§ **Task instructions**
Reproduce the data that follows character for character, but omit its pictures.

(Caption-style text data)
§

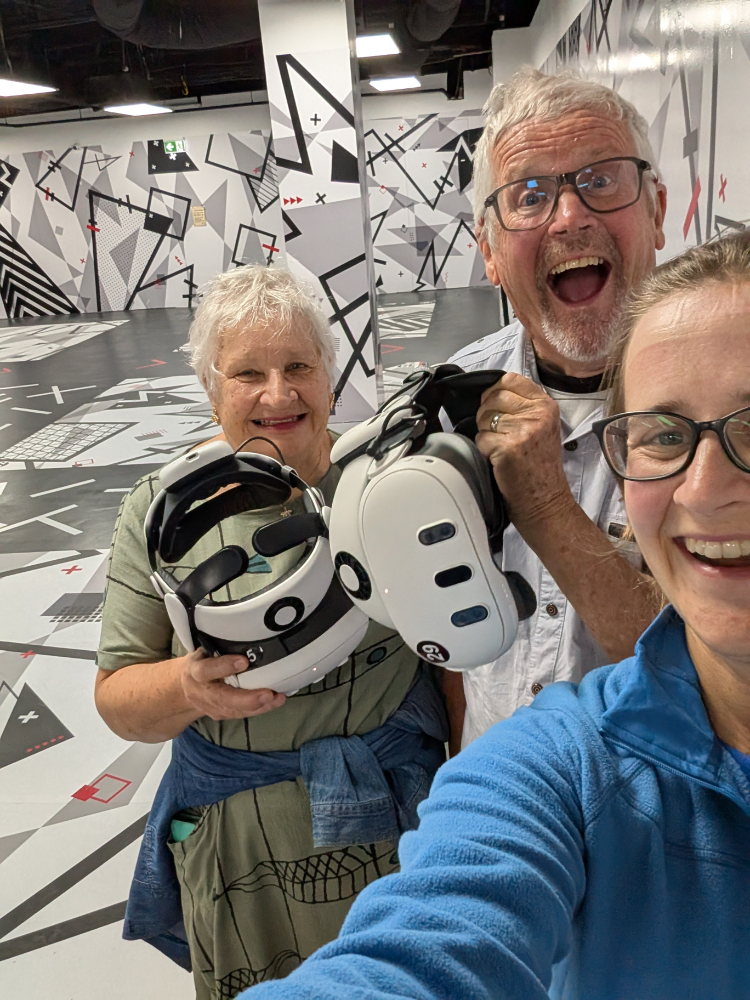 Big smiles with the VR headsets of their faces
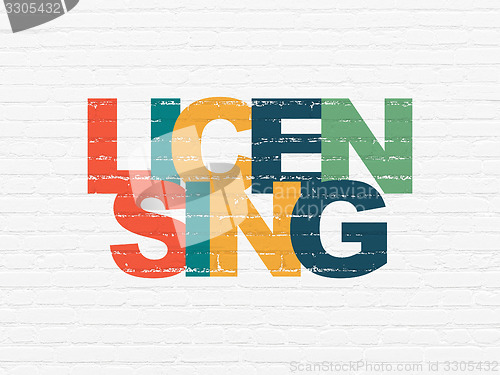Image of Law concept: Licensing on wall background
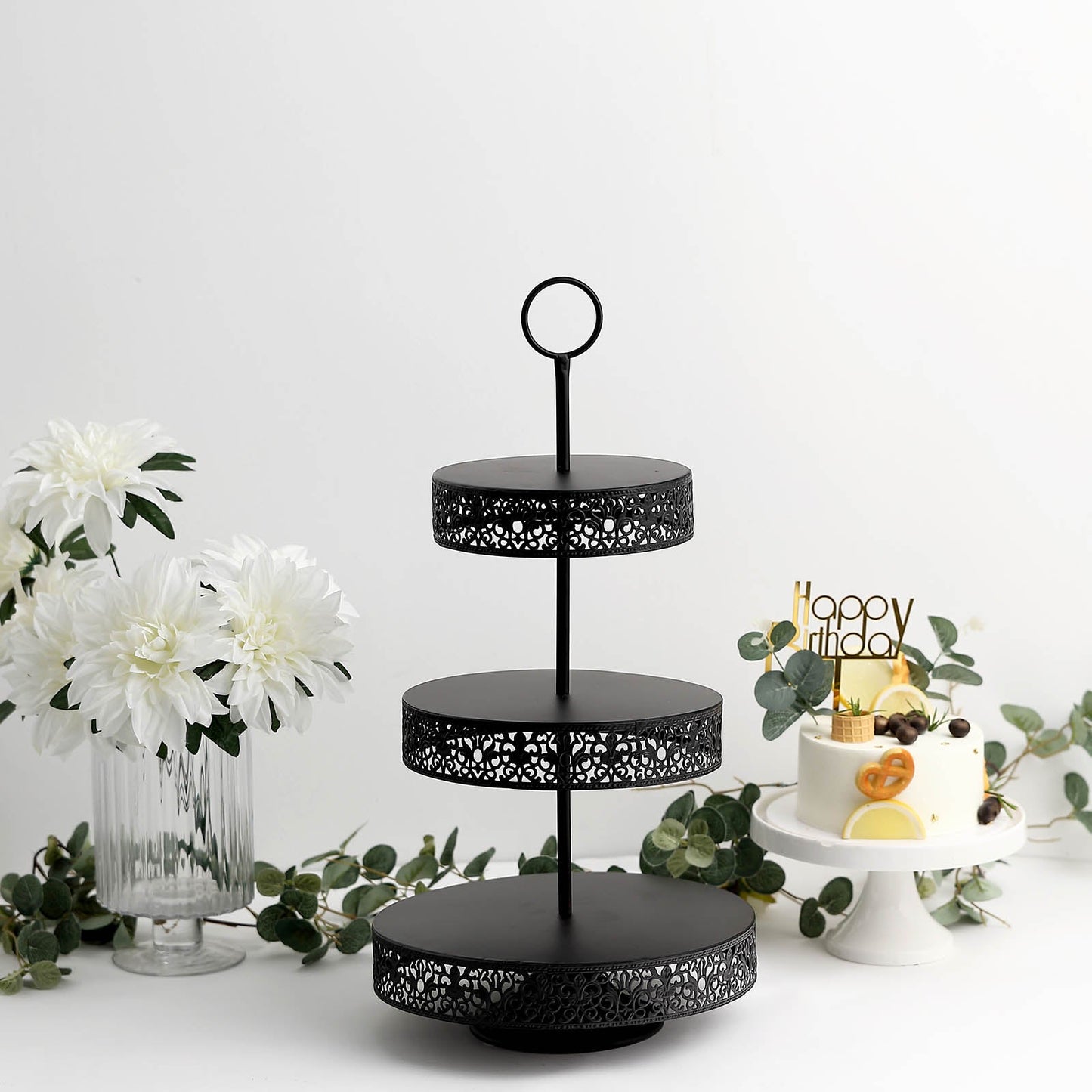 Black metal 3-tier cupcake stand with decorative edges, perfect for desserts.
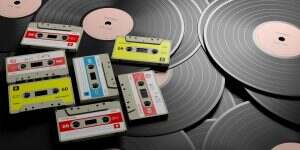 Vintage audio cassettes on wooden background, mix tape label, 3d illustration
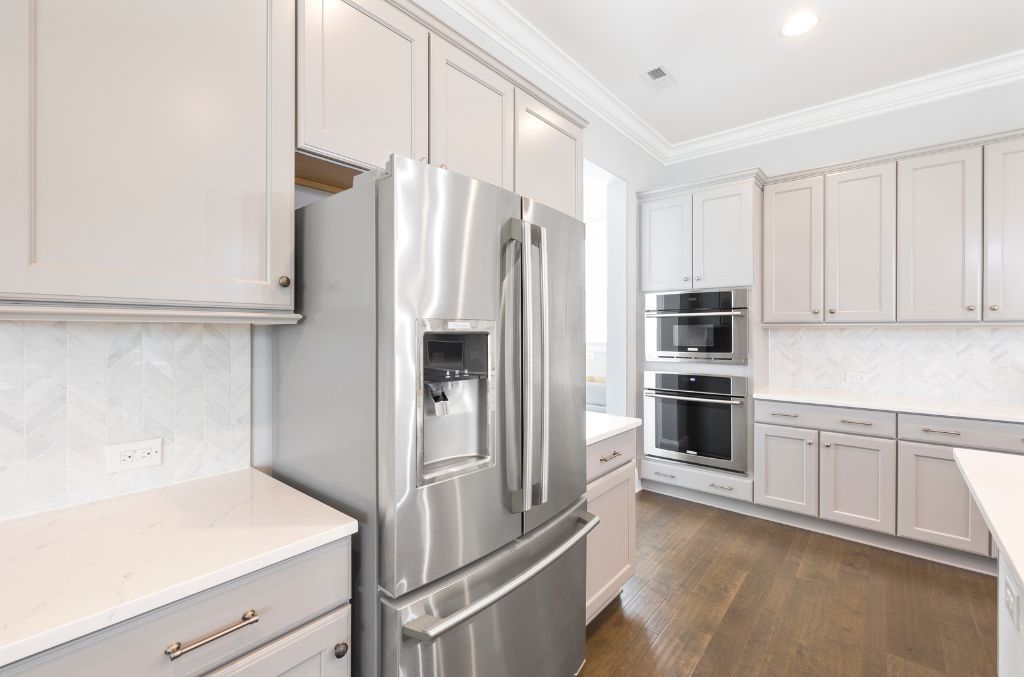 A black kitchenaid mixer with a stainless steel bowl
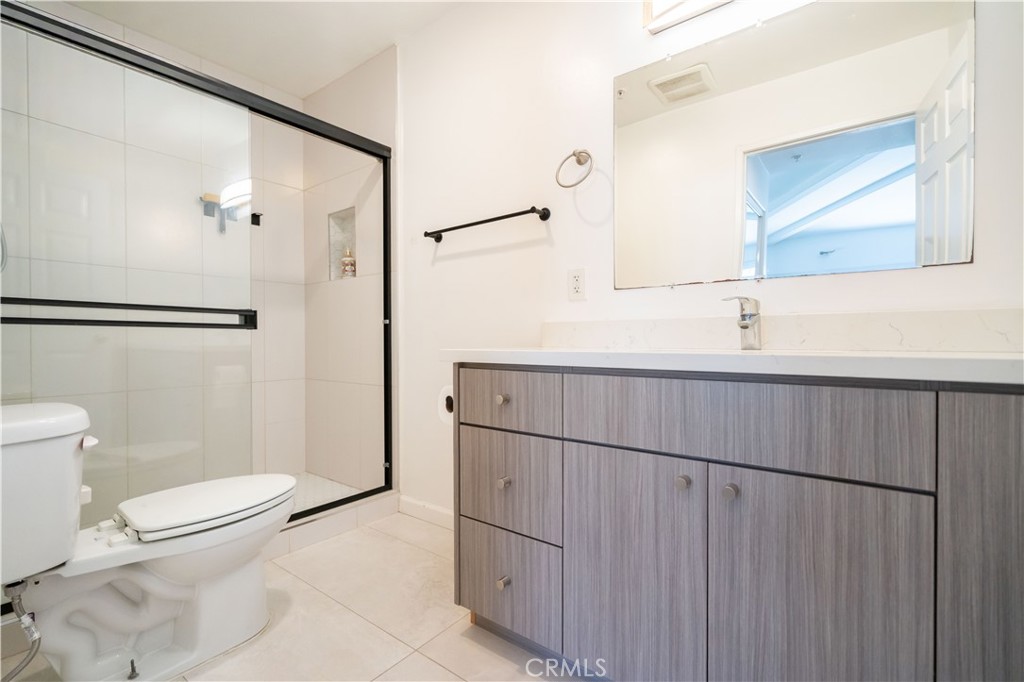 18347 Saticoy Street, Unit 28 Reseda, CA 91335 - Photo 6 of 27 a bathroom with a toilet a sink and a mirror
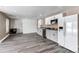 Bright kitchen with white cabinets, stainless appliances and dark countertops at 1233 Starling Ln, Elizabeth, CO 80107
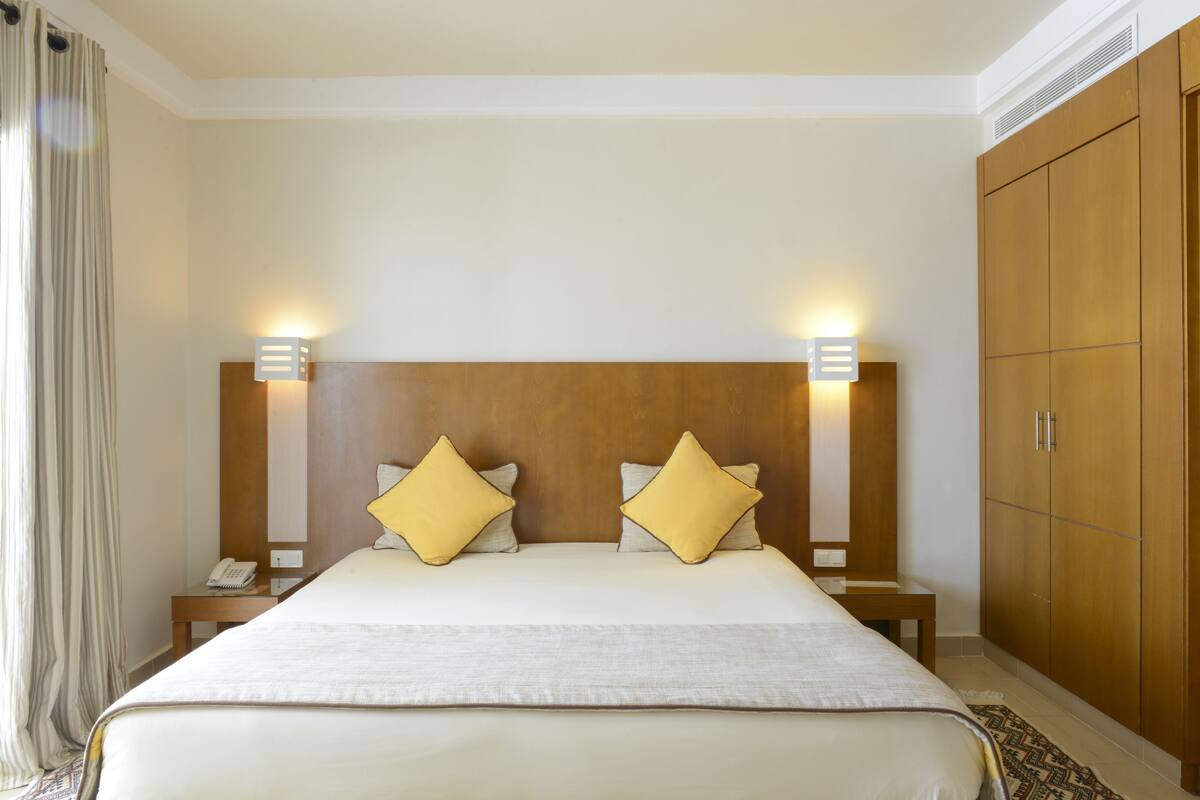 A hotel room with a large bed, two bedside lamps, a wooden wardrobe, and a telephone on the nightstand.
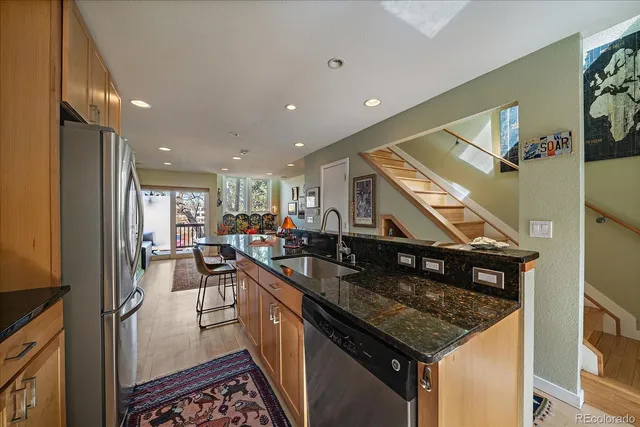 a kitchen with stainless steel appliances granite countertop a sink a stove and a refrigerator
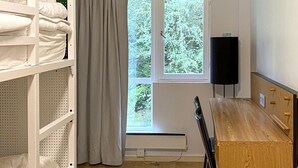 A room with a window, a radiator, a wooden desk, and shelves with folded towels.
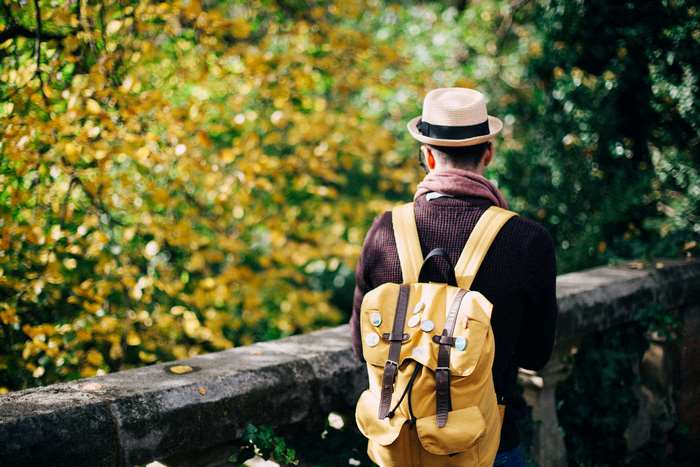 Man with backpack and hat in park during fall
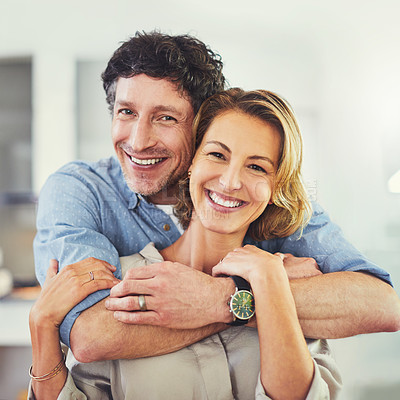 Buy stock photo Portrait of an affectionate mature couple spending quality time at home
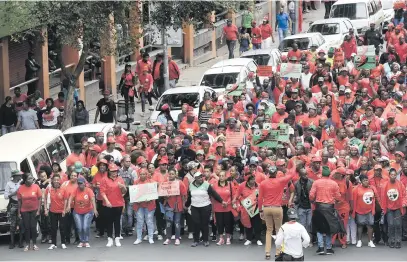  ?? Picture: Nigel Sibanda ?? UNIONS PANIC. Cosatu and its affiliates’ members march to the Gauteng Legislatur­e in Johannesbu­rg yesterday during a one-day nationwide strike against job losses and the restructur­ing of Eskom.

§

§ **Answer to this problem**
 Big smiles with the VR headsets of their faces
Image of Law concept: Licensing on wall background
 Black metal 3-tier cupcake stand with decorative edges, perfect for desserts.
 Vintage audio cassettes on wooden background, mix tape label, 3d illustration
 A black kitchenaid mixer with a stainless steel bowl
 18347 Saticoy Street, Unit 28 Reseda, CA 91335 - Photo 6 of 27 a bathroom with a toilet a sink and a mirror
 Bright kitchen with white cabinets, stainless appliances and dark countertops at 1233 Starling Ln, Elizabeth, CO 80107
 A hotel room with a large bed, two bedside lamps, a wooden wardrobe, and a telephone on the nightstand.
 a kitchen with stainless steel appliances granite countertop a sink a stove and a refrigerator
 A room with a window, a radiator, a wooden desk, and shelves with folded towels.
 Man with backpack and hat in park during fall
 Buy stock photo Portrait of an affectionate mature couple spending quality time at home
  ?? Picture: Nigel Sibanda ?? UNIONS PANIC. Cosatu and its affiliates’ members march to the Gauteng Legislatur­e in Johannesbu­rg yesterday during a one-day nationwide strike against job losses and the restructur­ing of Eskom.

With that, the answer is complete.